The performance and associated mechanisms of carbon transformation (PHAs, polyhydroxyalkanoates) and nitrogen removal for landfill leachate treatment in a sequencing batch biofilm reactor (SBBR)
Abstract
A modified sequencing batch biofilm reactor (SBBR, adding a pre-anoxic phase before the aeration phase) was used to treat landfill leachate. The overall SBBR operation period was divided into a load-increasing period I (69 days) and a steady operation period II (41 days).
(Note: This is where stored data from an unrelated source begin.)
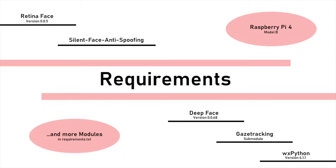To run our software on a Raspberry Pi, you will need RetinaFace, SilentFace anti-spoofing, DeepFace, Gaze Tracking, and WaxPython. Other requirements can be found in the Requirements TXT that ships with our project.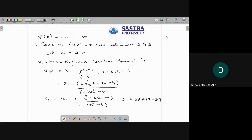I am taking the initial approximation as the average of 2 and 3, that is (2 + 3)/2 = 2.5. So x₀ = 2.5 is the initial approximate root. The Newton-Raphson iterative formula is: xₙ₊₁ = xₙ - φ(xₙ) / φ'(xₙ), where n = 0, 1, 2, 3 and so on.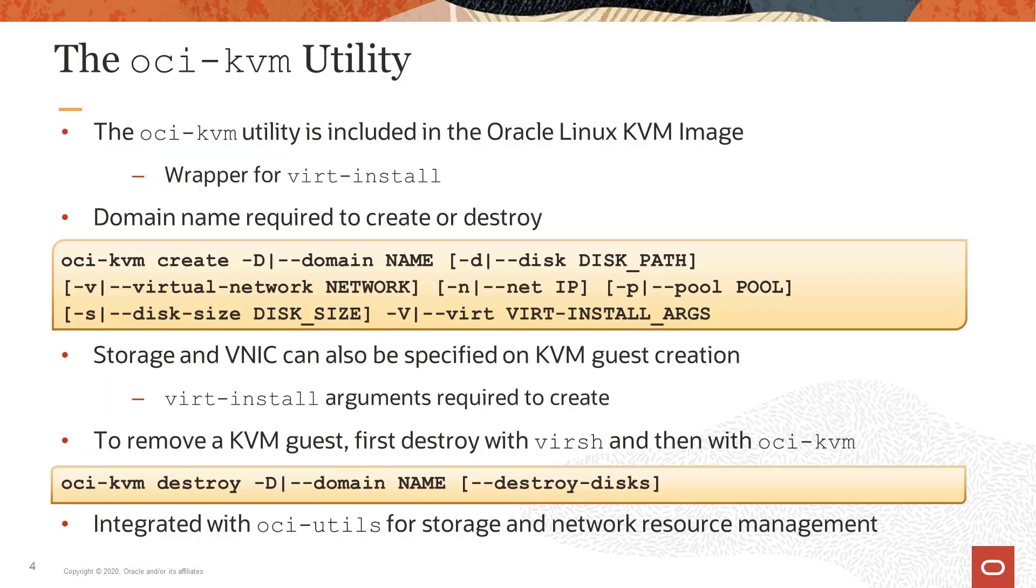This slide provides the syntax for the oci-kvm create command and the oci-kvm destroy command. The oci-kvm utility that is included in the image is a wrapper for virt-install. This utility requires you to specify a domain name and optionally a disk or IP address along with all other virt-install arguments.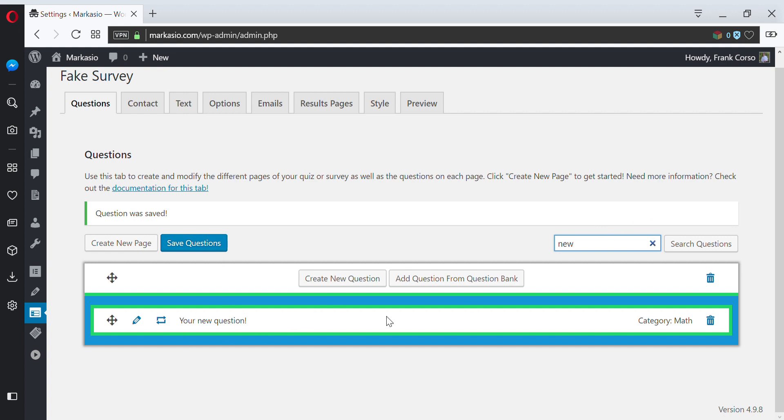Lastly, be sure to save your questions, and then your quiz or survey is ready to go.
In period I, the influent total nitrogen (TN) and chemical oxygen demand (COD) concentrations increased from approximately 60 and 400 mg L−1 to 1000 and 6500 mg L−1, respectively, and these were kept for period II. In period II, the COD and TN removal rates were 83–88% and 95–98%, with effluent COD and TN concentrations of less than 500–600 and 10–20 mg L−1, respectively. The end of pre-anoxic phase PHA (polyhydroxyalkanoate) content increased from 0.11 Cmol (start of period I) to 0.22 Cmol (end of period II). The contributions from simultaneous nitrification and denitrification (SND) and endogenous denitrification to the TN removal rate were approximately 60% and 40%, respectively. The mechanisms of carbon transformation and nitrogen removal were: (1) the synthesis of PHAs in the pre-anoxic phase; (2) short-range nitrification; (3) simultaneous nitrification and denitrification (SND); and (4) endogenous denitrification. Microbial diversity analysis revealed that Proteobacteria and Bacteroidetes accounted for 89.66% of the total bacteria. Ammonia-oxidizing bacteria (AOB, Nitrosomonas) and denitrifying bacteria with the ability to transform organic matter into PHAs (Paracoccus and Thauera) are the dominant bacterial communities.